■ **YOUR ASSIGNMENT**: All pictures are to be excluded when the data below is output verbatim.

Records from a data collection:
####

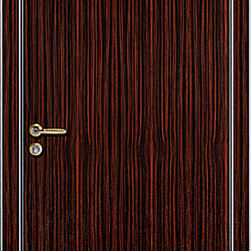 interior door - Interior Doors
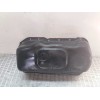 Recambio de carter para citroën saxo 1.5 diesel referencia OEM IAM   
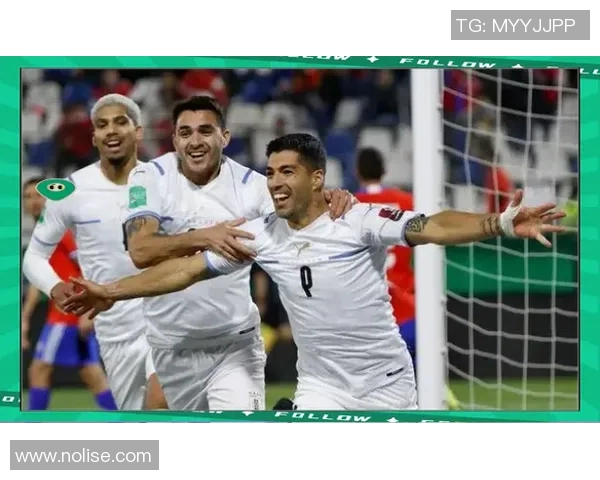 乌拉圭与法国激战成平局双方实力相当引发热议 乌拉圭与法国激战成平局双方实力相当引发热议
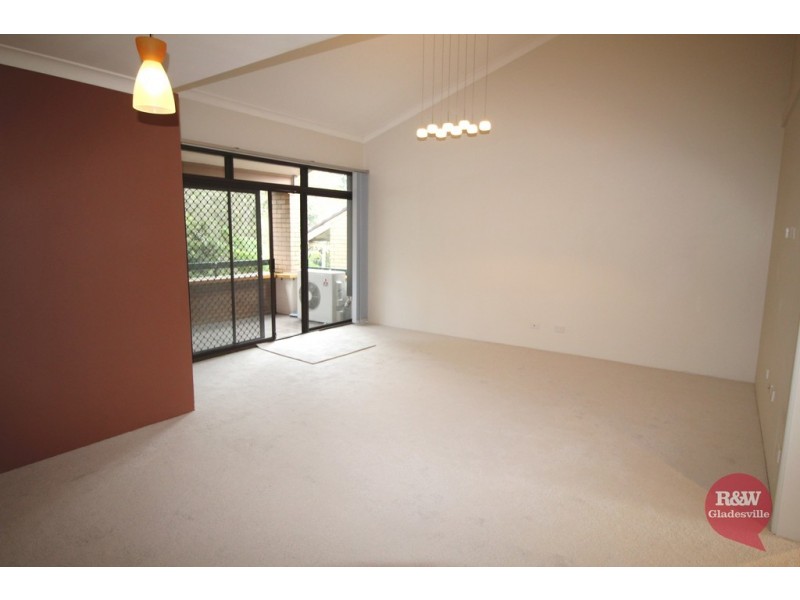 14/42 Khartoum Road, Macquarie Park NSW 2113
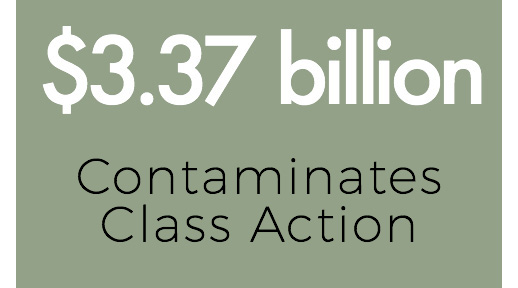 contaminates class action3.jpg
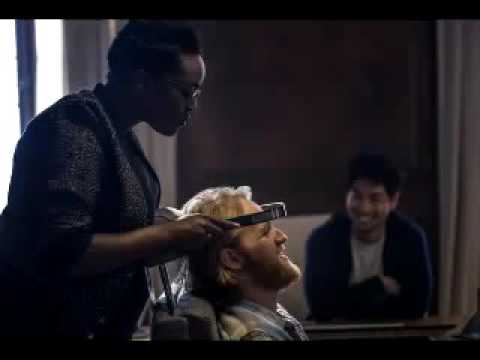 Playtest review   Black Mirror Season 3 on Netflix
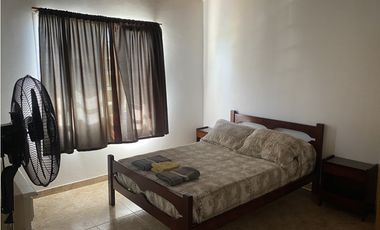 Casa en Venta en Mar de Cobo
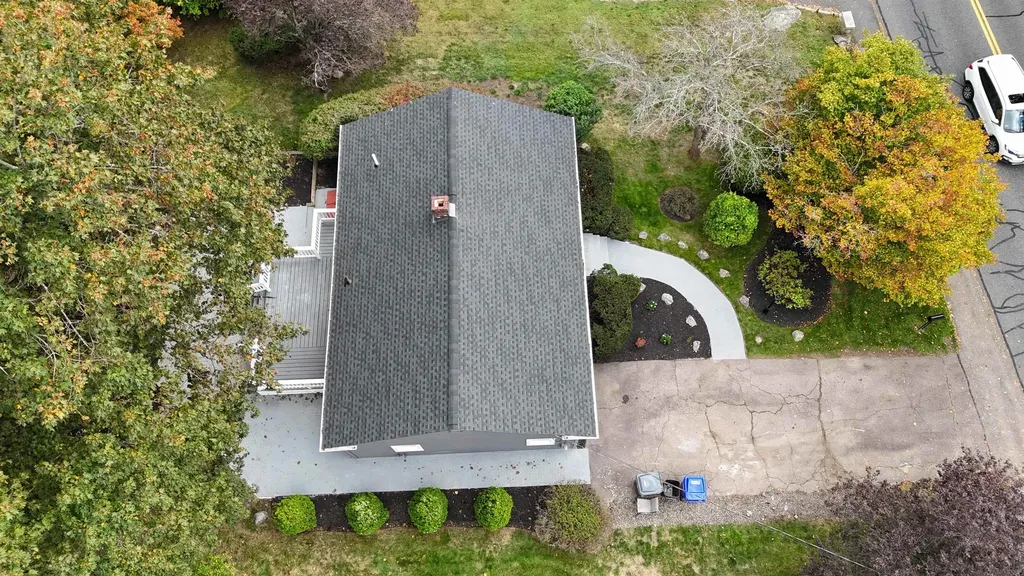 7 Highland Street Milford MA 01757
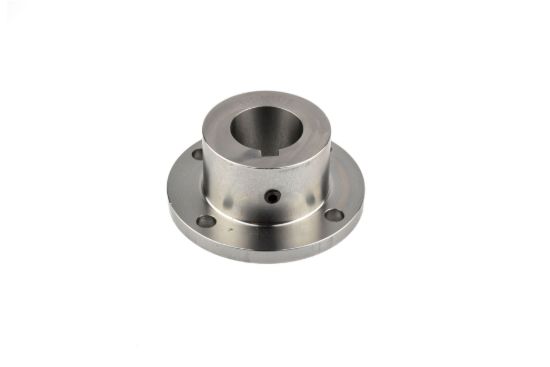 Picture of Spicer Drive Shaft Companion Flange - 3-1-1013-9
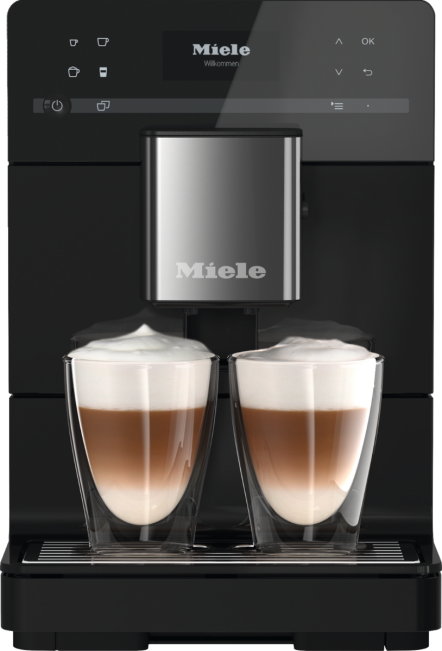 Miele CM5310 Coffee Maker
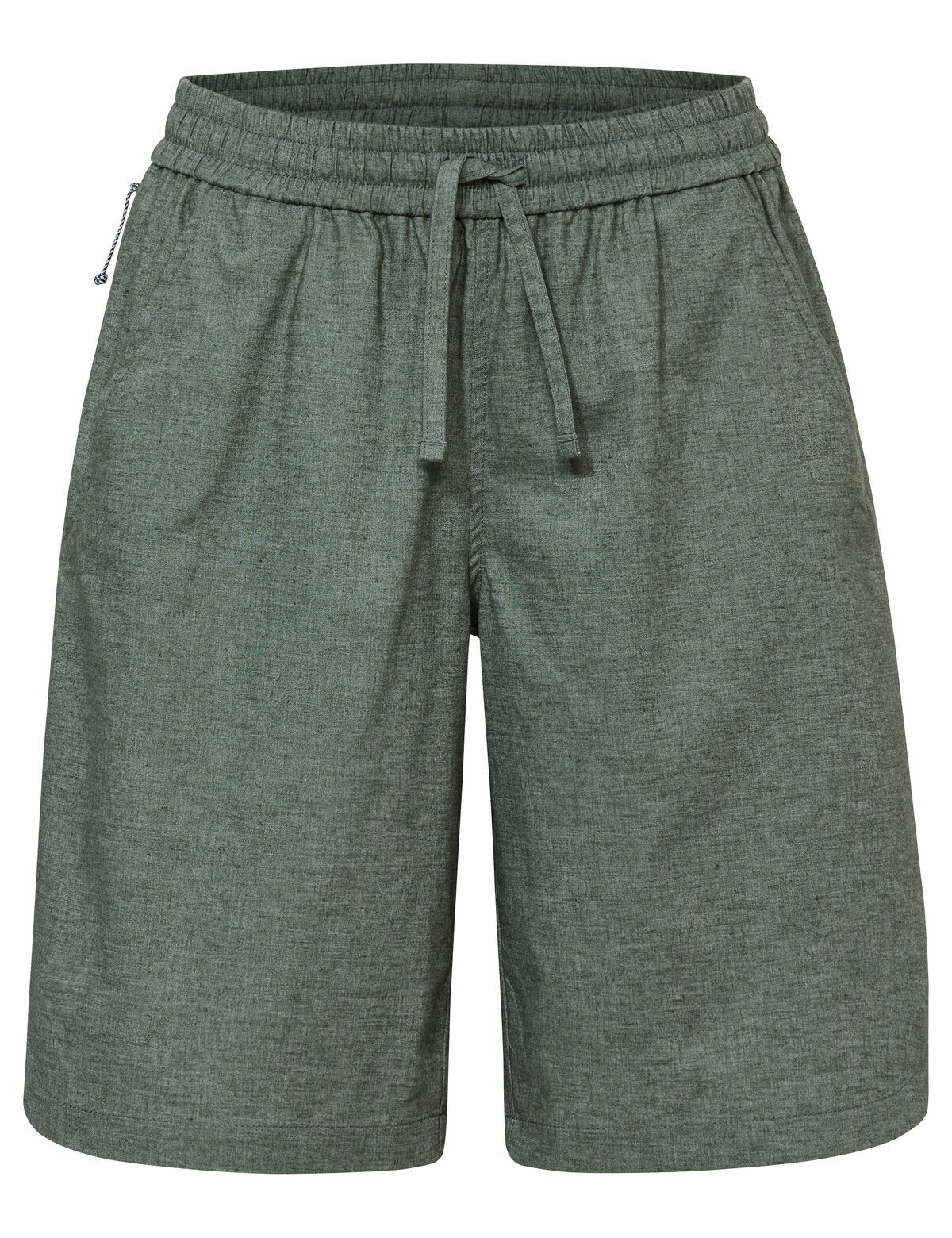 Funktionshose Women's Redmont Shorts IV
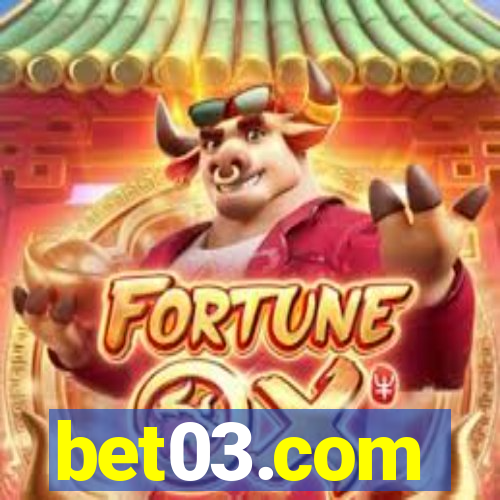 bet03.com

####

■ **WORKED SOLUTION**:
 interior door - Interior Doors
 Recambio de carter para citroën saxo 1.5 diesel referencia OEM IAM   
 乌拉圭与法国激战成平局双方实力相当引发热议 乌拉圭与法国激战成平局双方实力相当引发热议
 14/42 Khartoum Road, Macquarie Park NSW 2113
 contaminates class action3.jpg
 Playtest review   Black Mirror Season 3 on Netflix
 Casa en Venta en Mar de Cobo
 7 Highland Street Milford MA 01757
 Picture of Spicer Drive Shaft Companion Flange - 3-1-1013-9
 Miele CM5310 Coffee Maker
 Funktionshose Women's Redmont Shorts IV
 bet03.com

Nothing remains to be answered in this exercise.